Bottom line is, just because something has always been done in a certain manner does not automatically mean that manner is either the best or the only manner that works.
If a subfloor of plywood is fastened to the floor joists, whether with adhesive or not, by screws or ring-shank nails, with a fastener every six inches that plywood is NOT going to move between those fasteners. If a second layer is added and fastened with screws or nails in a six inch pattern all over the field, but missing the joists, that second layer is NOT going to move independently of the first layer. So what possible difference could it make if the second layer ALSO had fasteners into the joists?

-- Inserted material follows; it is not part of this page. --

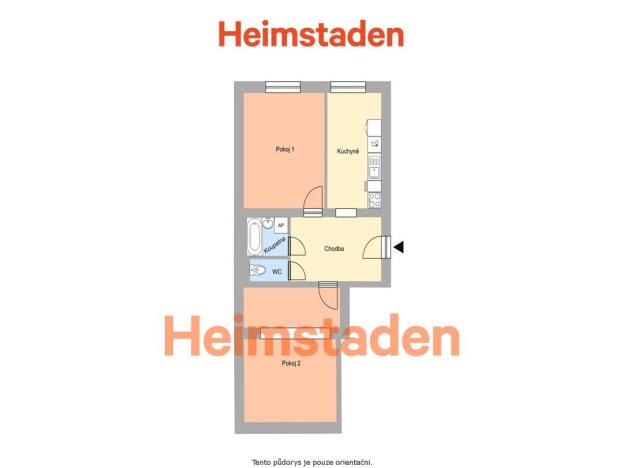 Pronájem bytu 2+1, Ostrava - Poruba, Budovatelská, 60 m2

Same principle applies to backerboard set into a layer of thinset and then screwed down to the original subfloor in a six inch pattern. The thinset bonds the subfloor to the backer board and the fasteners add to the strength of the bond making the subfloor>thinset>backerboard into a monolithic assembly that simply cannot move independently without breaking the bonds between the layers and destroying the integrity of the sandwich. Add another layer of thinset and then tile and you have a multi-layer sandwich of dissimilar materials, all with different rates of expansion and contraction yet IF they did move in relationship to each other the result would be a failed floor. How often does this happen in the real world where some other agent isn't really to blame? I can definitely see that insufficient strength of the subfloor, from using too thin a material or having the joists too far apart or having joists over-spanned can cause problem but I see no reason why fastening multiple layers of subfloor to otherwise adequate joists should cause any problems.
I can also see where an incursion of water, not just a change in relative humidity and/or temperature but ACTUAL water getting in between layers of plywood could definitely cause a problem but that would cause problems regardless of how the subfloor layers was fastened.
Back some thirty years ago I was a new employee in a high temperature hot water heating plant of a large manufacturing facility. After taking a boiler out of service for cleaning and inspection the "old timers" had the most convoluted method of warming that boiler and putting it into service I have ever seen. It made absolutely no sense and after studying the method for a couple of years I pronounced it as hogwash. I devised a much simpler method and reduced the time and effort by about 80%. It was even worse when we took the entire plant down over a long weekend to inspect and repair parts that required a total shutdown. Prior to my time it took something like sixteen hours to get that plant up and running and there was a huge amount of running around and leaking expansion joints to contend with. After adoption of my improved method it took less than six hours and most of that was spend sitting at the desk watching the various pressures and temperatures stabilize.
Bottom line is, just because something has always been done in a certain manner does not automatically mean that manner is either the best or the only manner that works.